Hail Mary, mother of Eileen. Blessed are we and blessed are the fruits of our wombs….

Thank you, Leny. I appreciate this Babaylan-ic perspective for reviewing my newest book. It's a unique gift!

Friday, August 27, 2010

BABAYLANISM AT OUR OWN VOICE

This is actually a reprint of a post I just featured at my primary blog, but I replicate it below for convenience:


BABAYLANISM

OurOwnVoice's newest issue is rather historic by focusing on the Babaylan.

I've got three poems innit, which isn't the most important detail but which I note for moi Blog-File ("Hay(na)ku with Ducktail for Leny", "The Hundredth Monkey Phenomenon," and "Sacred Time"). Again for the Blog-File, I also have the novel "Dear Cloud" innit.

Having gotten Housekeeping out of the way, I found this essay by Cynthia Arias, "An American Babaylan: Living in One's Own Truth" quite useful. It's useful because modern-day Babaylanism is controversial in some circles as people grapple with the effect of the diaspora (and the resultant separation from "land"). Anyway, here's some excerpts from Arias' essay:
The concept that the Babaylan is defined by factors that override an individual’s direct experience of the originating land, the Philippine Islands, is vital to understanding the presence of the Babaylan in the Diaspora and the ways that sacred practices of the Babaylan have, as well, bridged the seas of consciousness that Pilipinos have traversed in their journeys around the world.

...

If we accept that Culture is a human construct, by which a group of individuals agree basic concepts of values, morals, mores to form a worldview, then it follows that Culture evolves as humans evolve.

...

While many may provide their perspectives, and assist in our discoveries, through critical analysis founded in scientific methodology, it is up to us to decide who we are and where we are headed.
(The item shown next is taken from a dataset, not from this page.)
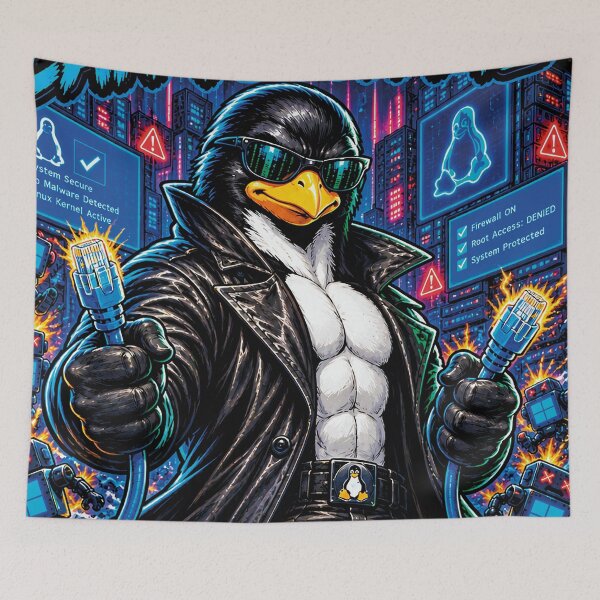 Item preview, No Virus Can Touch Me I Run On Linux Penguin designed and sold by CrazySzoopWorld.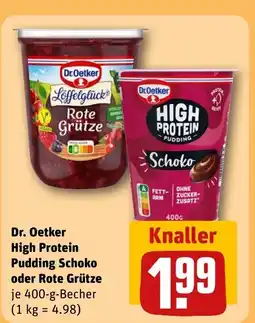 REWE DE Dr. Oetker High Protein Pudding Schoko oder Rote Grütze tilbud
Modern-day Babaylanism is empowering.

The Babaylan Conference, which seeded this issue, also empowered Mom to write her first book (which I'm reviewing now). But here is also one of her narratives, a memoir from 1939 entitled "Dawac". Good for Mom!

Also useful is the essay "Ways of the Babaylan" by Katrin de Guia. It's clear from her essay that empathizing/understanding (in my opinion, if you understand Babaylanism, understanding cannot occur without empathizing) cannot occur without that thing that many folks are scared to discuss: love. I do think Ben Okri's quote relevant: "Only those who truly love and who are truly strong can sustain their lives as a dream. You dwell in your own enchantment. Life throws stones at you, but your love and your dream change those stones into the flowers of discovery."

It takes courage to love as a Babaylan would/does. For, as de Guia puts it, "The first priority of the babaylan is the community."

I appreciate Babaylanism because it requires intelligent innocence.